Quelques jours plus tard, je suis dans mon salon, bien au froid au Québec, tentant d’absorber mon choc du retour. En regardant les nouvelles, je vois soudainement des images de la Thaïlande. On est en 2004.

JE SUIS SOUS LE CHOC. Un tsunami vient de dévaster une bonne partie de l’Asie, incluant le Sud de ce magnifique pays. Pour moi, c’est la fin du monde.

Je repense à toutes mes rencontres. De ce sympathique couple de personnes âgées canadiens qui avait choisi pour la première fois de passer l’hiver dans les îles thaïlandaises, aux amis français avec qui on a partagé des randonnées intenses dans les grandes chaleurs tropicales, à tous les Thaïlandais avec qui j’ai passé mes soirées à rire. Je repense aux paysages paradisiaques, à la vibe unique qui fait oublier tout souci. Mon paradis, il est maintenant dévasté.

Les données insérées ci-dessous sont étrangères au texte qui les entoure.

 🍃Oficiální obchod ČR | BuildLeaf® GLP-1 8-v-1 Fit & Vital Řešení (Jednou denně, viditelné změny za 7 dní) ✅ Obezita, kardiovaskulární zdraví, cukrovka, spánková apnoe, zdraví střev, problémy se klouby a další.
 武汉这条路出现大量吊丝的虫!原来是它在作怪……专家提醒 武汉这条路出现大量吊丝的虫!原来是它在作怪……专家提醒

Toutes ces personnes, je ne sais pas ce qui leur est arrivé. J’imagine aussi qu’elles n’ont peut-être pas survécu, ni leurs authentiques bungalows en bambou. Chose certaine, à chaque fois que je pense à chacune d’elle, à chaque fois que je mange thaïlandais, c’est comme un recueillement. Je leur rends un petit hommage, à ma façon.

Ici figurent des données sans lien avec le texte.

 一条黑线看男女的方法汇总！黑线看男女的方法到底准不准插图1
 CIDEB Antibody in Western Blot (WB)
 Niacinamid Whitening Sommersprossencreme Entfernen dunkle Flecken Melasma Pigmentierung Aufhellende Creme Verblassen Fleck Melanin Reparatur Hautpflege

Je ne suis jamais retournée en Thailande. Mais les saveurs uniques et humaines de ce pays auront marqué à jamais mes papilles. Et encore aujourd’hui, manger un plat thaï, ça me ramène dans ce paradis qui aura emboîté le pas de mes voyages en Asie. Le paradis des cœurs d’enfant.

Voici donc une recette facile, adaptée à la québécoise, pour un moment arc-en-ciel (ben mieux que des Lucky Charms!), histoire de vous faire sentir, vous aussi, dans ce pays aux charmes uniques…!

Sauté de légumes Caricoco

Pour environ 6 personnes
20 minutes de préparation, 10 minutes de cuisson

Ingrédients:

  • 400 ml de lait de coco
  • 200 ml d’eau
  • 2 morceaux de galanga
  • Quelques morceaux de citronnelle
  • 2 à 3 feuilles de lime keffir
  • 1 c. à table de pâte de cari rouge
  • 1/3 de tasse de cari Singapour
  • 2 c. à table de sirop d’érable
  • 3 c. à table d’huile d’arachide
  • 4 gousses d’ail, hachées finement
  • 3 poivrons, coupés en lanières
  • 4 carottes, coupées en juliennes
  • 8 oignons verts
  • Arachides natures
  • Sel, au goût
  • Coriandre, au goût
  • 1 1/2 tasse de riz au jasmin, cuit selon les instructions sur l’emballage.

*Pour une version non-végé, ajouter crevettes, poulet, poisson, bœuf… bref ce que vous voulez!

Préparation:

  • Dans une casserole, mélanger le lait de coco et l’eau. Ajouter le galanga, la citronnelle et les feuilles de lime keffir. Laisser infuser entre 5 et 10 minutes, à feu doux.
  • Ajouter la pâte de cari rouge, le cari Singapour et le sirop d’érable. Laisser mijoter un autre 5 minutes.
  • Dans un wok, à feu moyen, faire rôtir les arachides à sec pour leur donner une certaine couleur. Lorsque vous avez de bonnes effluves d’arachide qui montent à votre nez, retirer-les.
  • Dans le même wok, faire chauffer à feu vif l’huile d’arachide. Y faire revenir l’ail et les poivrons pendant environ deux minutes, en remuant sans arrêt. Si le mélange devient sec, plutôt que d’ajouter plus d’huile, ajouter un peu d’eau (pour faire un show de boucane!!).
  • Ajouter les carottes, faire revenir deux autres minutes, toujours à feu vif en remuant sans arrêt.
  • Mettre le feu au minimum, ajouter les oignons verts, bien mélanger. Les légumes doivent encore être croustillants. Bien saler le tout.
  • Tamiser la sauce lait de coco – cari rouge sur les légumes au dessus du wok. Bref, il faut la verser la sauce dans le wok mais sans les morceaux de galanga, citronnelle, keffir qui ont infusés. Laisser cuire 5 minutes à feu doux. Les légumes vont cuire un peu plus, mais on ne les veut pas « mouch-mouch »!
  • Ajouter du sel au goût, ajuster le sirop d’érable si vous préférez plus sucré et ajouter la coriandre.
  • Garnir chaque bol avec riz, légumes Caricoco et des arachides sur le dessus.

*Mon trajet en Thaïlande : Bangkok – Chiang Mai – Kho Phi Phi – Kho Lanta – Krabi
Les déplacements se font très bien en train ou en avion.